Alih-alih menggunakan lembar soal konvensional, mahasiswa diminta membedah berbagai isu sosial melalui metode mind mapping atau pemetaan pikiran.
Kegiatan yang berlangsung di lingkungan Kampus UMG tersebut mengangkat sejumlah isu krusial yang relevan dengan kondisi masyarakat saat ini, di antaranya penyalahgunaan narkoba, perundungan (bullying), dan korupsi.
Mahasiswa diminta memetakan permasalahan tersebut sekaligus merumuskan solusi berdasarkan landasan nilai-nilai yang terkandung dalam sila-sila Pancasila.
Dosen pengampu mata kuliah Pendidikan Pancasila, Fajar Agus Hari Firmansyah, menjelaskan bahwa penerapan metode mind mapping bertujuan melatih mahasiswa semester awal agar mampu berpikir kritis, sistematis, dan kreatif.
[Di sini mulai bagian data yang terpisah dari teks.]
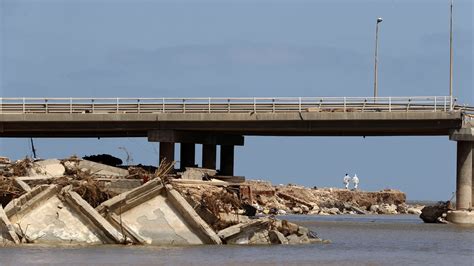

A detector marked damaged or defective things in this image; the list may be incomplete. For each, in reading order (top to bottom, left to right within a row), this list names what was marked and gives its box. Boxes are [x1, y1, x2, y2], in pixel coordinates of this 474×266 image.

broken concrete slab [78, 160, 129, 177]
broken concrete slab [0, 205, 19, 244]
Baca juga: Kuliah Sambil Kerja Tak Halangi Vina Mar’atus Sholihah Jadi Wisudawan Terbaik UMG
“Mahasiswa perlu dibekali pemahaman nilai-nilai Pancasila sejak dini agar mampu menjadi generasi yang beretika, peduli terhadap lingkungan sosial, serta memiliki sikap anti terhadap berbagai bentuk penyimpangan moral,” ujar Fajar, Jumat (19/12/2025).
Pelaksanaan UAS dilakukan di luar ruangan guna menciptakan suasana ujian yang lebih santai dan kondusif. Mahasiswa tampak antusias berdiskusi dalam kelompok serta menuangkan gagasan mereka ke dalam media kertas dan papan tulis portabel.
Salah satu mahasiswa semester 1, Muhammad Rafli Khusni Hawari, mengapresiasi metode ujian tersebut. Menurutnya, mind mapping memudahkan mahasiswa memahami keterkaitan antara teori Pancasila dan realitas persoalan sosial di masyarakat.
“Dengan mind mapping, saya lebih mudah memahami hubungan antara masalah sosial dan nilai-nilai Pancasila. Ujiannya juga terasa lebih menarik dan tidak membosankan,” ungkap Rafli.
Melalui metode evaluasi ini, Universitas Muhammadiyah Gresik berharap mahasiswa tidak hanya memahami Pancasila sebagai teori akademik, tetapi juga mampu menginternalisasi serta mengamalkannya dalam kehidupan bermasyarakat, berbangsa, dan bernegara.